Subject: [PATCH 1/5] quota: protect Q_GETFMT by dqonoff_mutex

dqptr_sem will go away. Protect Q_GETFMT quotactl by
dqonoff_mutex instead. This is also enough to make sure
quota info will not go away while we are looking at it.

Signed-off-by: Lai Siyao <[email protected]>
Signed-off-by: Niu Yawei <[email protected]>
---
fs/quota/quota.c | 6 +++---
1 files changed, 3 insertions(+), 3 deletions(-)

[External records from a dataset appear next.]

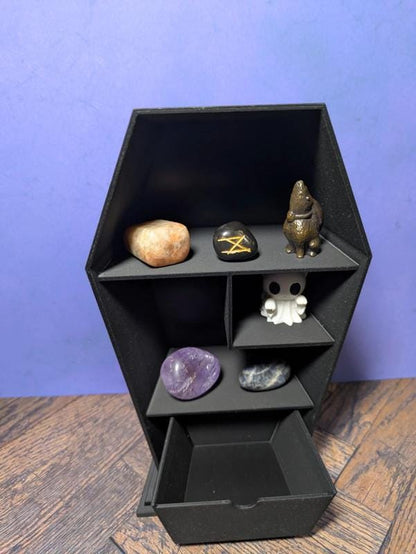 Coffin Shaped Mini Organizer with Drawer – Gothic Storage
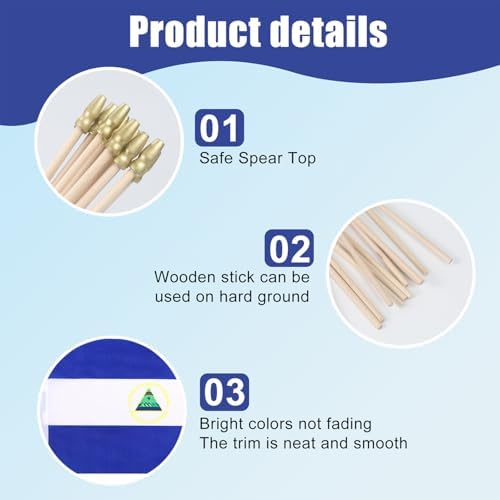 12 Pack Nicaragua Miniature Small Wooden Stick Flags Nicaraguans Mini Handheld Flag Patio Lawn & Garden Outdoor Decorations,8x5 Inch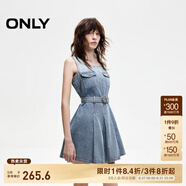 ONLY2025秋季新款無(wú)袖U領(lǐng)漸變百褶短裙牛仔裙連衣裙女|125142033 J33復古350牛仔洗水 L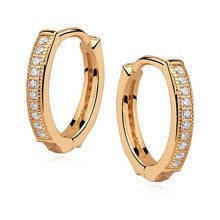 Srebrne kolczyki pr.925 kółka z rzędem cyrkonii, pozłacane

diff --git a/fs/quota/quota.c b/fs/quota/quota.c
index 2b363e2..e4851cb 100644
--- a/fs/quota/quota.c
+++ b/fs/quota/quota.c
@@ -79,13 +79,13 @@ static int quota_getfmt(struct super_block *sb, int type, void __user *addr)
{
__u32 fmt;

- down_read(&sb_dqopt(sb)->dqptr_sem);
+ mutex_lock(&sb_dqopt(sb)->dqonoff_mutex);
if (!sb_has_quota_active(sb, type)) {
- up_read(&sb_dqopt(sb)->dqptr_sem);
+ mutex_unlock(&sb_dqopt(sb)->dqonoff_mutex);
return -ESRCH;
}
fmt = sb_dqopt(sb)->info[type].dqi_format->qf_fmt_id;
- up_read(&sb_dqopt(sb)->dqptr_sem);
+ mutex_unlock(&sb_dqopt(sb)->dqonoff_mutex);
if (copy_to_user(addr, &fmt, sizeof(fmt)))
return -EFAULT;
return 0;
--
1.7.1



2014-06-04 04:20:30

by Niu Yawei

[permalink] [raw]
Subject: [PATCH 2/5] quota: avoid unnecessary dqget()/dqput() calls

Avoid unnecessary dqget()/dqput() calls in __dquot_initialize(),
that will introduce global lock contention otherwise.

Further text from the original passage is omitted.